Che grinta questo Mottura!

Giacomo Mottura, «L’ammalato per contratto di lavoro», Cultura e Realtà 1950, 1, 69-90. Per scaricare l'intero articolo clicca qui.

«L'articolo è molto interessante (...) perché, con realistica crudezza, vengono messe in luce le manchevolezze della nostra legislazione contro la silicosi, la quale si è preoccupata assai più di salvaguardare i datori di lavoro dagli oneri delle cause per responsabilità civile, assicurando obbligatoriamente la silicosi, che la salute degli operai delle industrie silicotigene». 

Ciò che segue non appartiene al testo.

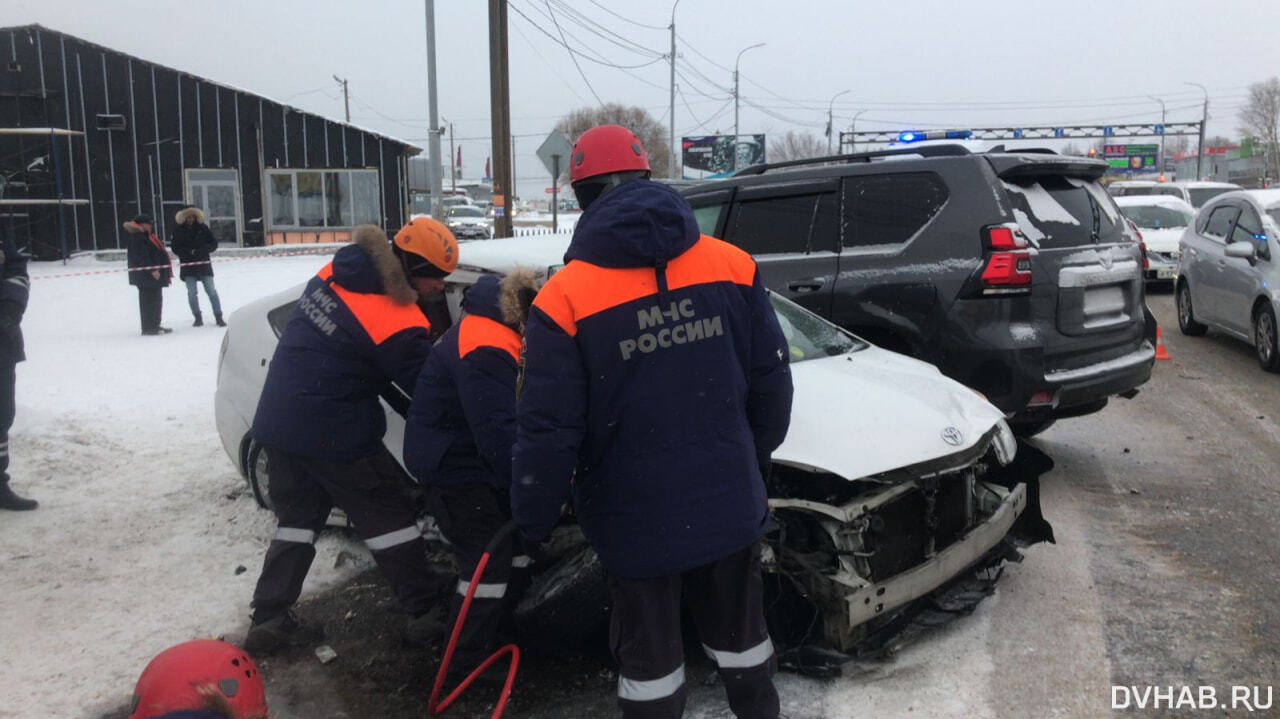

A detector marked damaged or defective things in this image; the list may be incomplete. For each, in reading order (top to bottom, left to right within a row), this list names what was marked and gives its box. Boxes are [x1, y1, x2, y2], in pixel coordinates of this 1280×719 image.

wrecked white car [212, 235, 1048, 668]
overturned vehicle [212, 233, 1048, 672]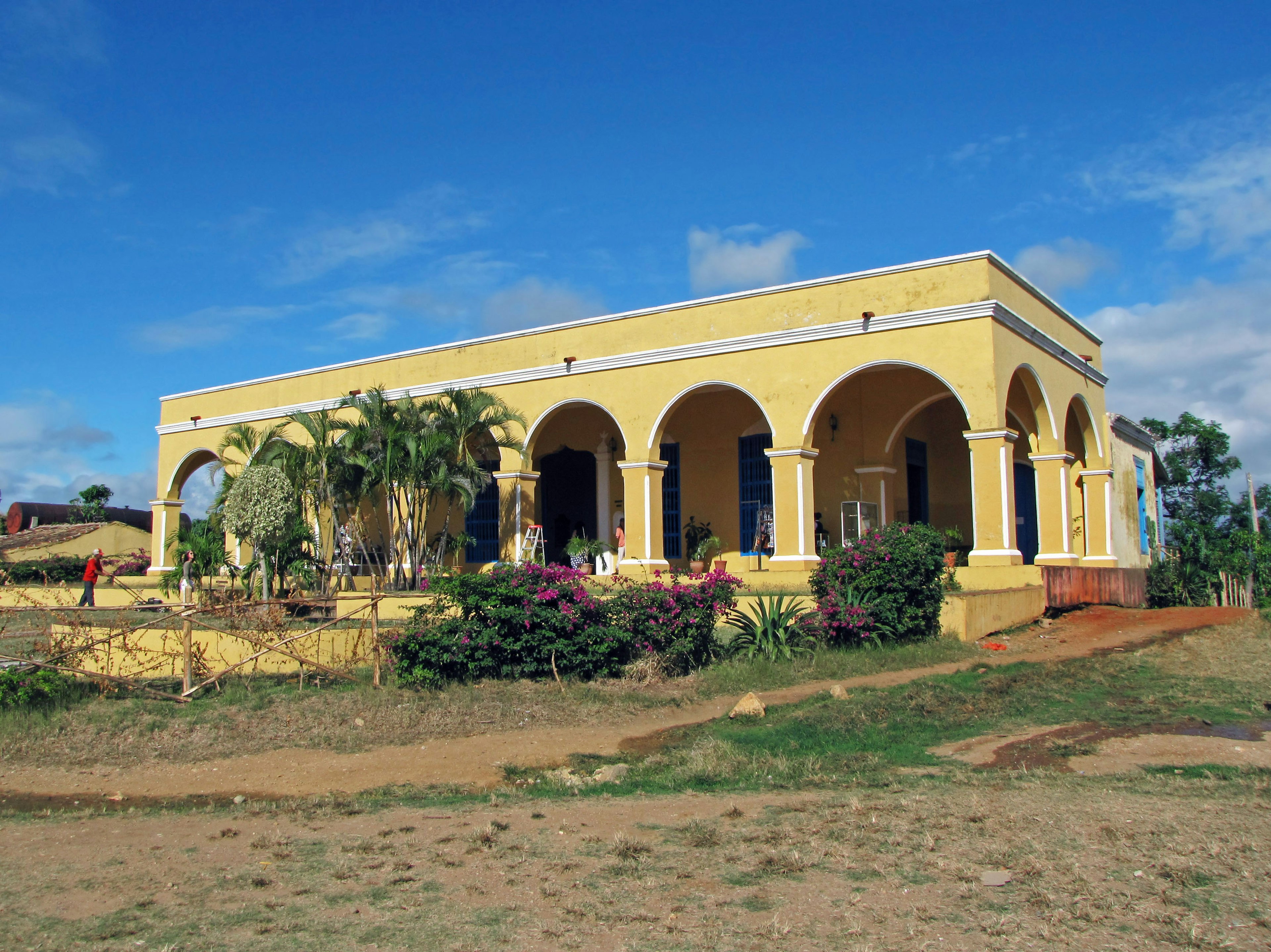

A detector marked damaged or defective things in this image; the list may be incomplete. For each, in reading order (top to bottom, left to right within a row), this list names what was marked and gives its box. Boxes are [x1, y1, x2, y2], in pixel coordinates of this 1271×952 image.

rusted metal sheet [1042, 564, 1154, 610]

Con queste parole Enrico Vigliani, il più importante medico del lavoro italiano, segnalava su La Medicina del Lavoro (1950, 41, p.317) il saggio non scientifico ma di «evidente polemica politico-sociale» dedicato alla silicosi scritto da Giacomo Mottura, già noto anatomopatologo e accademico torinese (1906-1990).
L’articolo, dall’incisivo titolo «L’ammalato per contratto di lavoro», appare su Cultura e Realtà nel 1950.
Non ebbe la dovuta diffusione allora, né in seguito, ma è uno scritto importante e per questo merita di essere ripubblicato non solo come documento storico, ma per almeno due motivi che possono essere invocati anche come attuali: 

  1. per la ricostruzione puntuale, argomentata delle acquisizioni scientifiche della nosografia della silicosi, concettualmente e agli effetti pratici non meno importante dei danni correlati con l’amianto;
  2. per la appassionata denuncia dell’uso perverso di una particolare concezione di malattia professionale indennizzabile, quella secondo la quale, argomenta abbondantemente Mottura, «l'indennizzo di invalidità … “sana” il fallimento della prevenzione».

Dal 1936, e per oltre un ventennio, Mottura ha coltivato intensamente gli aspetti scientifici della silicosi (e dell’asbestosi) con memorabili contributi capaci di definire la patologia dell’apparato respiratorio da accumulo di polveri inorganiche e anche alcuni aspetti della loro patogenesi. Tra questi ultimi, ricordiamo le ricerche sui meccanismi di insorgenza e sviluppo della silicosi finanziate «con una certa larghezza dalla CECA» e a cui dal 1956 al 1958 aveva collaborato anche Renzo Tomatis che annota: 

«Confidavamo di poter ricostruire il cammino della polvere … Con la spontaneità dei non iniziati mi ero chiesto se valeva la pena di studiare i meccanismi di una malattia della quale la causa era ben nota e che si poteva prevenire evitando di esserne esposti … La silicosi stava diventando una malattia immunitaria e questo non sembrava dispiacere a chi dal  Lussemburgo decideva sui finanziamenti». (L. Tomatis, Il Fuoriuscito, Sironi, Milano 2005, pp. 39-43).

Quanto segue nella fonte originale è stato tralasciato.